*What the exercise asks*. Below are records that contain pictures; transcribe the text exactly and omit the pictures.

*Excerpts from a dataset*.
##########
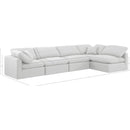 Meridian Indulge White Linen Textured Fabric Modular Sectional IMAGE 9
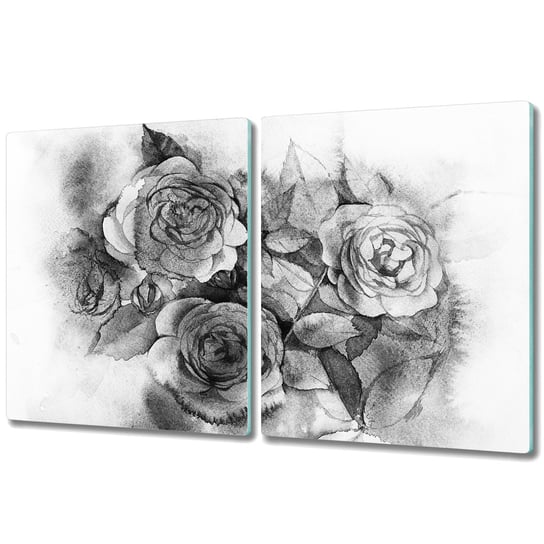 Dekoracyjna Deska Kuchenna ze Szkła - 2x 40x52 cm - Czarnobiałe róże Coloray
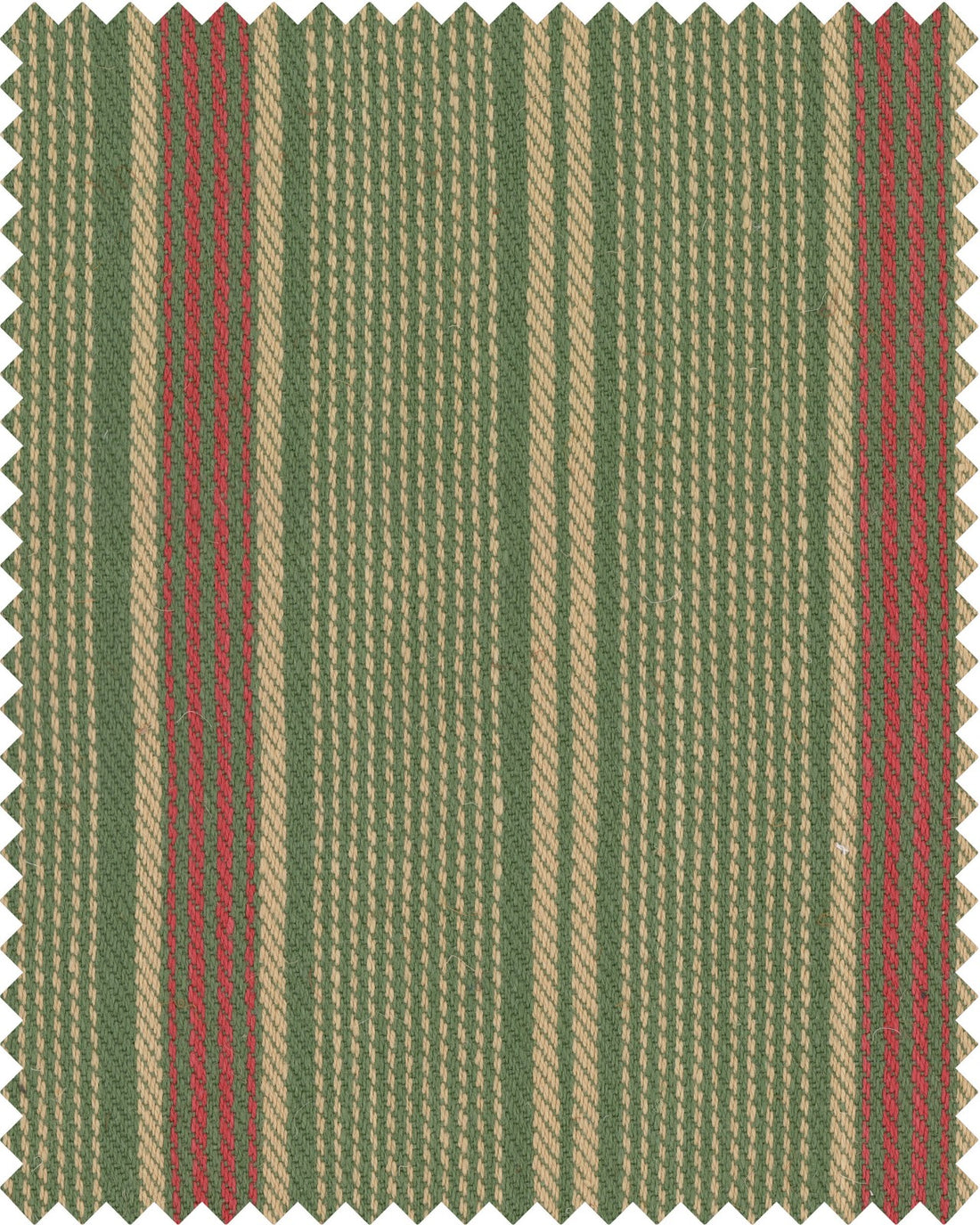 Tyrolean Stripes fabric in green red taupe color - pattern number FB00107 - by Mind The Gap in the Tyrol Apres-ski Home Collection collection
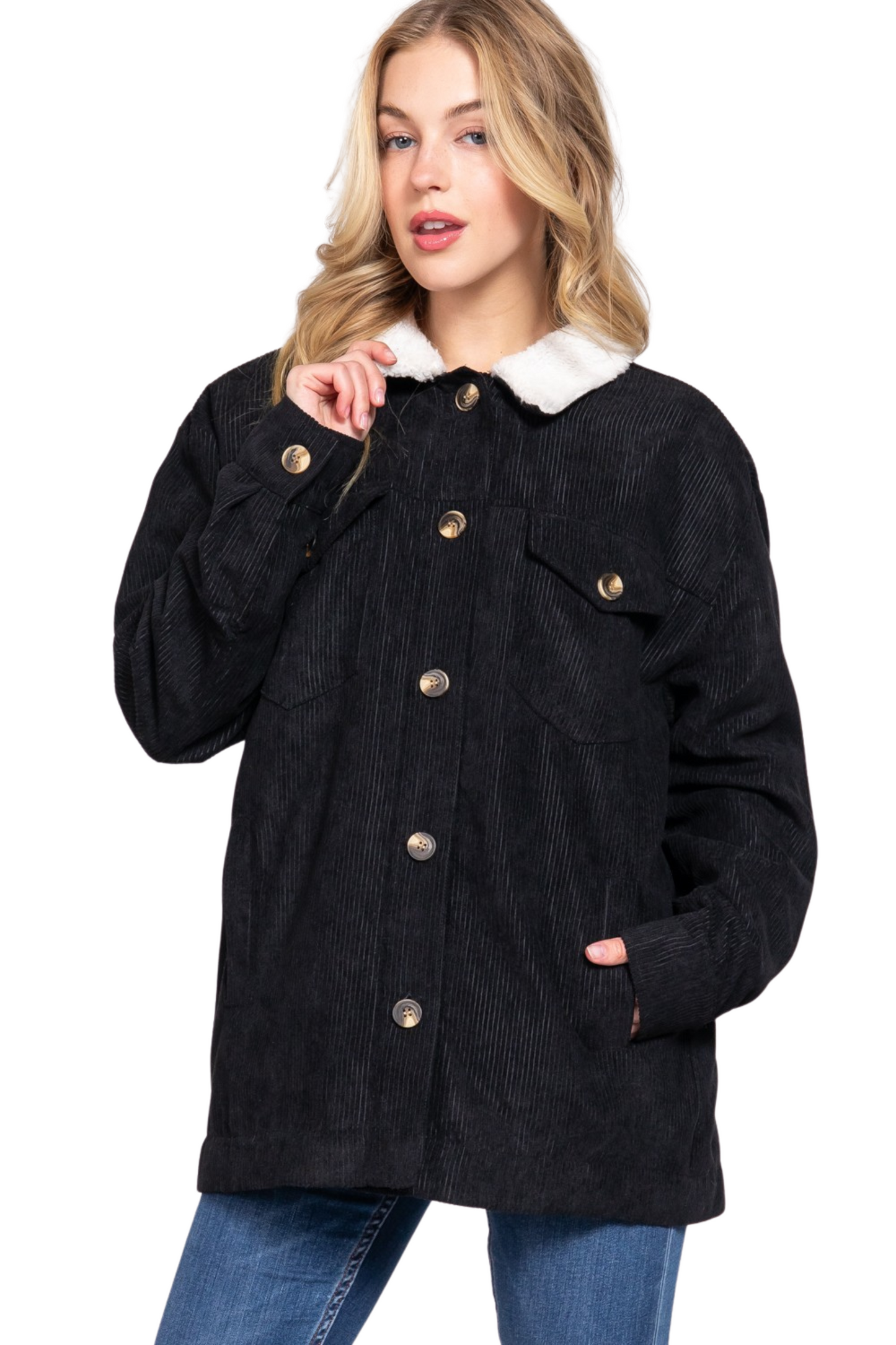 Faux Fur Lined Corduroy Relaxed Button Up Jacket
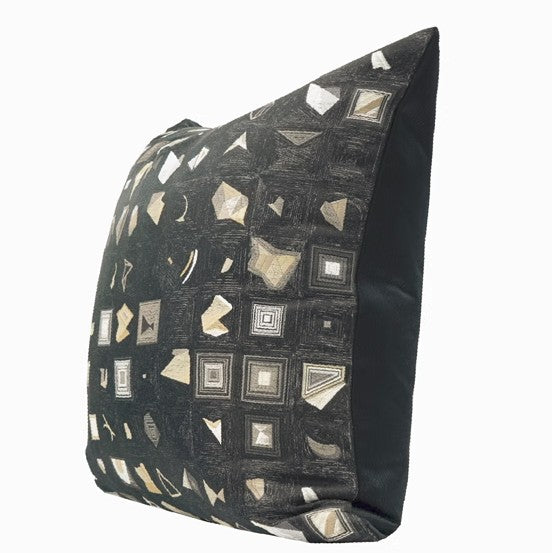 Abstract Black Decorative Throw Pillows, Geometric Contemporary Square Modern Throw Pillows for Couch, Large Simple Throw Pillow for Interior Design-LargePaintingArt.com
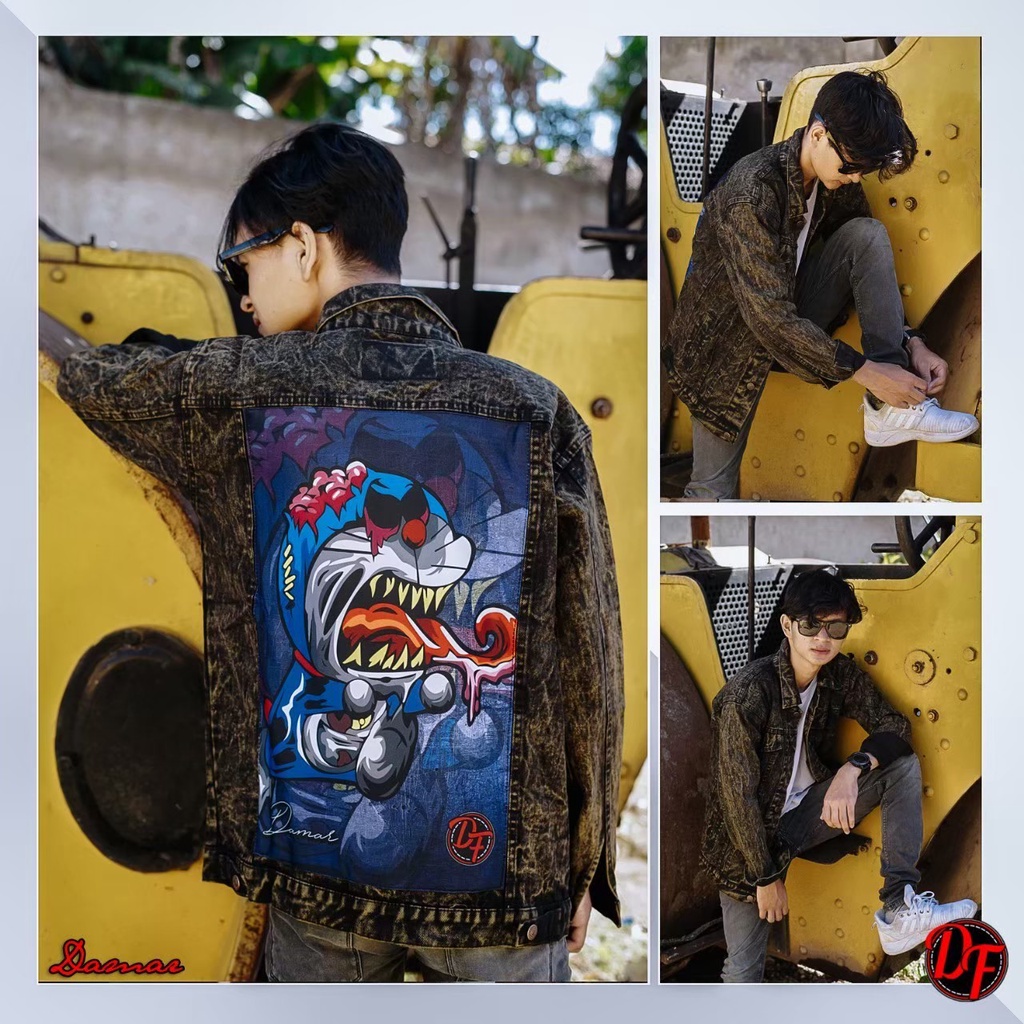 JAKET JEANS DENIM PRINTING GAMBAR ANIMASI REMAJA MOTOR GAUL KEKINIAN TREND 2022 TERLARIS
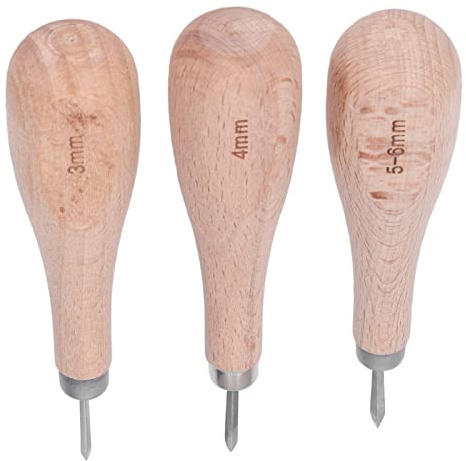 RASTKY Punteruolo Professionale per Cuciture in Pelle, Manico in Faggio per Punzonatura della Pelle, 3 Pezzi, Punteruolo Ergonomico in con Rombo Ad Alta Durezza, Strumento per Cucire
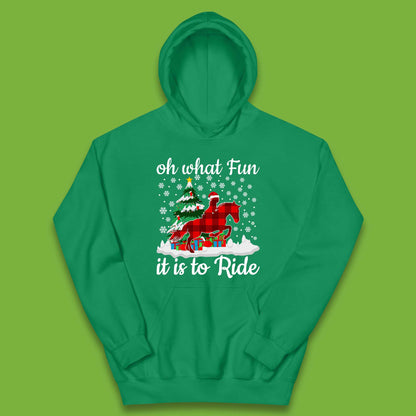 horse riding christmas kids hoodie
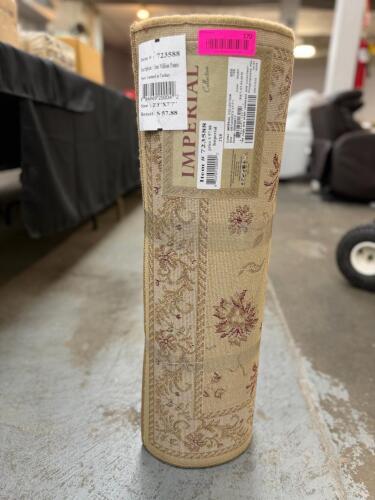 (1)BEIGE FLORAL RUNNER RUG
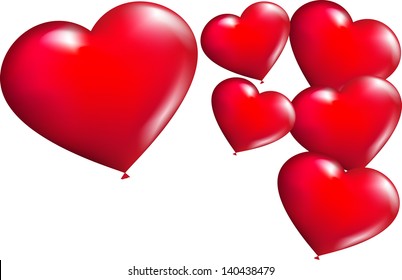 Heart-shaped balloons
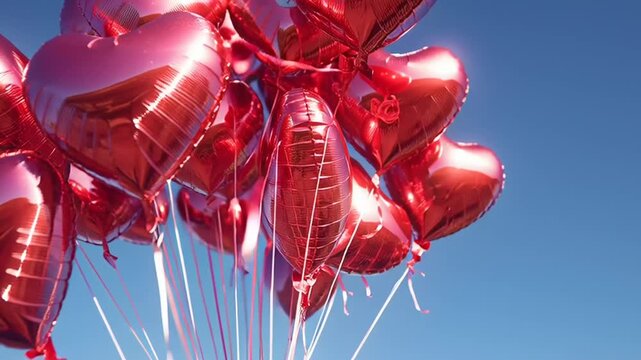 Valentine's Day: A video showcasing a romantic bunch of red heart-shaped balloons floating in the clear blue sky on a lovely day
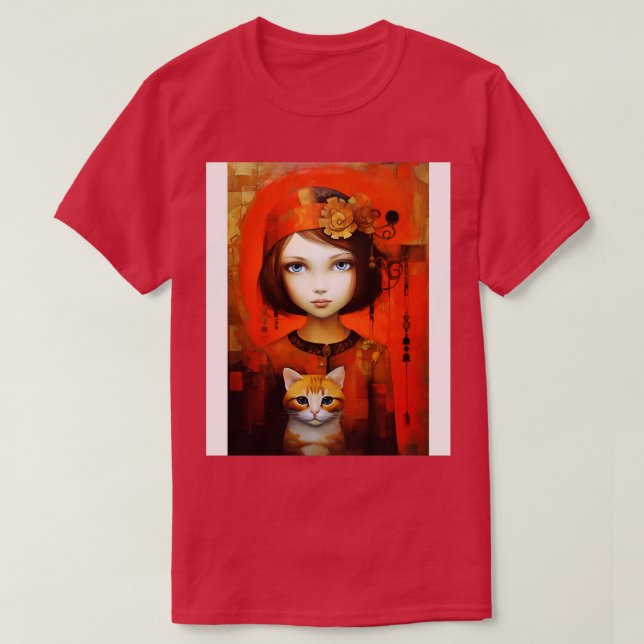 Camiseta Chica y gato 8 (Diseño del anverso)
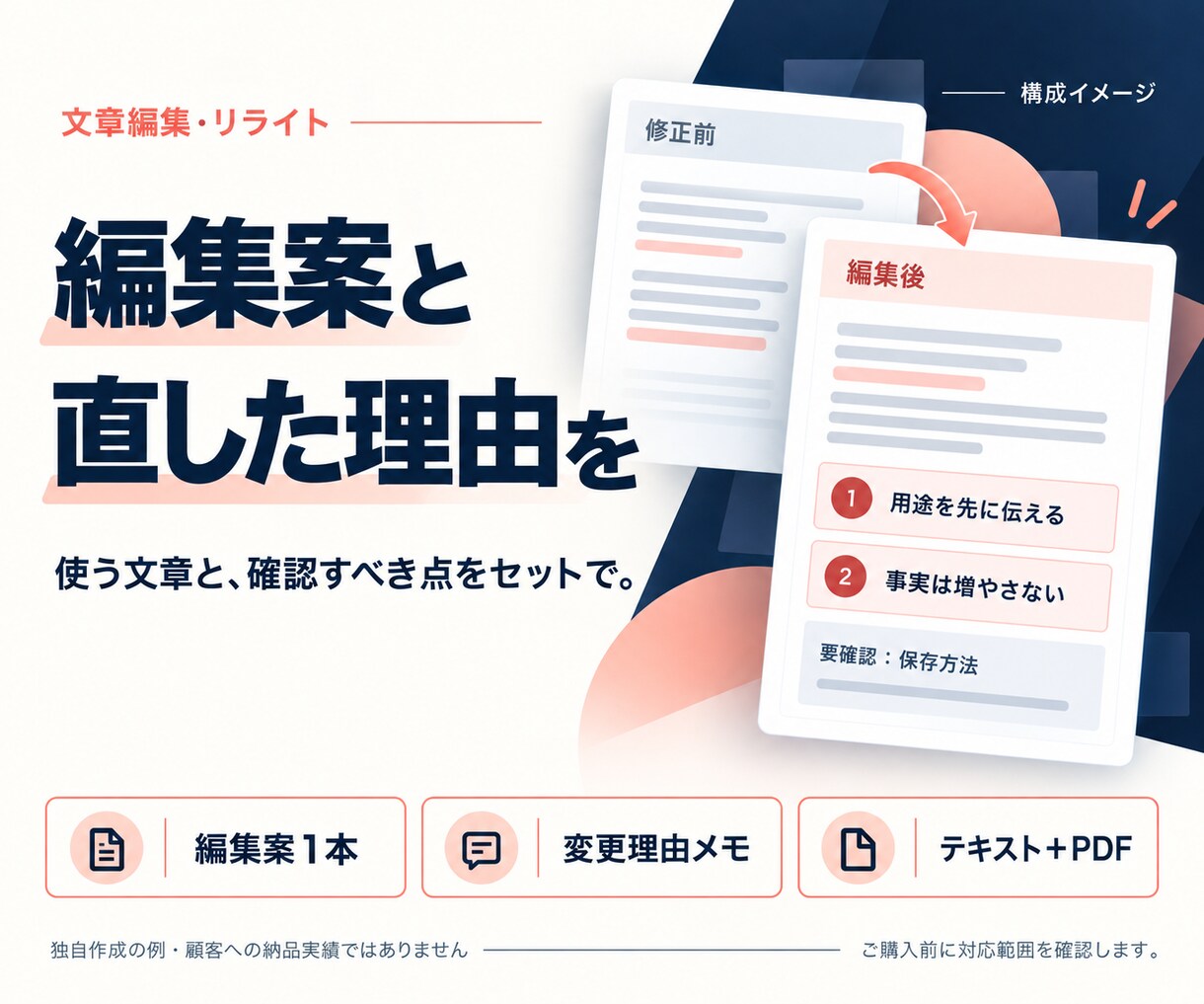 サービス紹介文・自己PRを添削・リライトします 原稿2000字まで｜編集案・変更理由・修正１回込み イメージ2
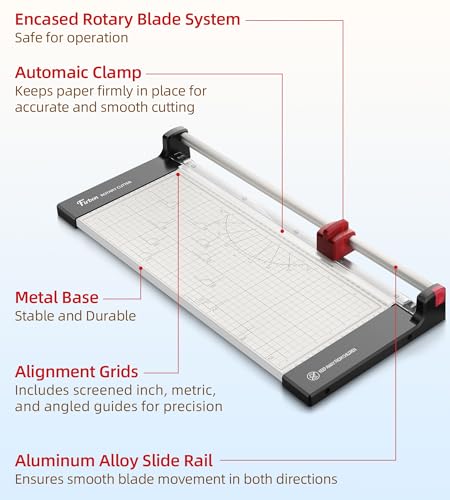 Firbon 15 Inch Rotary Paper Trimmer with Replaceable Blade | Heavy Duty 10-Sheet Capacity | Up to 15" Cutting | Cut Cardstock, Photo & Scrapbooking Crafts | Office, School & Home Use - size: 15-Inch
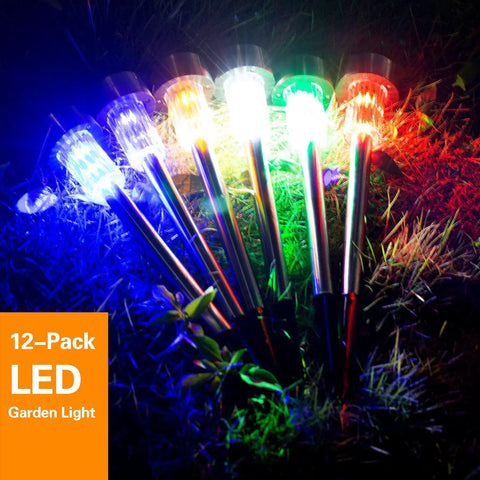 Colorful LED lights from Solar Pathway Lights Outdoor Kit Stainless Steel Garden Landscape Lighting For Lawn Patio And Walkways 12 Pack In 6 Color Options Auto On At Night No Wiring Weatherproof Easy Setup Hassle Free Yard Glow brightening grass area.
##########
*Reply to the exercise*.
 Meridian Indulge White Linen Textured Fabric Modular Sectional IMAGE 9
 Dekoracyjna Deska Kuchenna ze Szkła - 2x 40x52 cm - Czarnobiałe róże Coloray
 Tyrolean Stripes fabric in green red taupe color - pattern number FB00107 - by Mind The Gap in the Tyrol Apres-ski Home Collection collection
 Faux Fur Lined Corduroy Relaxed Button Up Jacket
 Abstract Black Decorative Throw Pillows, Geometric Contemporary Square Modern Throw Pillows for Couch, Large Simple Throw Pillow for Interior Design-LargePaintingArt.com
 JAKET JEANS DENIM PRINTING GAMBAR ANIMASI REMAJA MOTOR GAUL KEKINIAN TREND 2022 TERLARIS
 RASTKY Punteruolo Professionale per Cuciture in Pelle, Manico in Faggio per Punzonatura della Pelle, 3 Pezzi, Punteruolo Ergonomico in con Rombo Ad Alta Durezza, Strumento per Cucire
 horse riding christmas kids hoodie
 (1)BEIGE FLORAL RUNNER RUG
 Heart-shaped balloons
 Valentine's Day: A video showcasing a romantic bunch of red heart-shaped balloons floating in the clear blue sky on a lovely day
 Camiseta Chica y gato 8 (Diseño del anverso)
 サービス紹介文・自己PRを添削・リライトします 原稿2000字まで｜編集案・変更理由・修正１回込み イメージ2
 Firbon 15 Inch Rotary Paper Trimmer with Replaceable Blade | Heavy Duty 10-Sheet Capacity | Up to 15" Cutting | Cut Cardstock, Photo & Scrapbooking Crafts | Office, School & Home Use - size: 15-Inch
 Colorful LED lights from Solar Pathway Lights Outdoor Kit Stainless Steel Garden Landscape Lighting For Lawn Patio And Walkways 12 Pack In 6 Color Options Auto On At Night No Wiring Weatherproof Easy Setup Hassle Free Yard Glow brightening grass area.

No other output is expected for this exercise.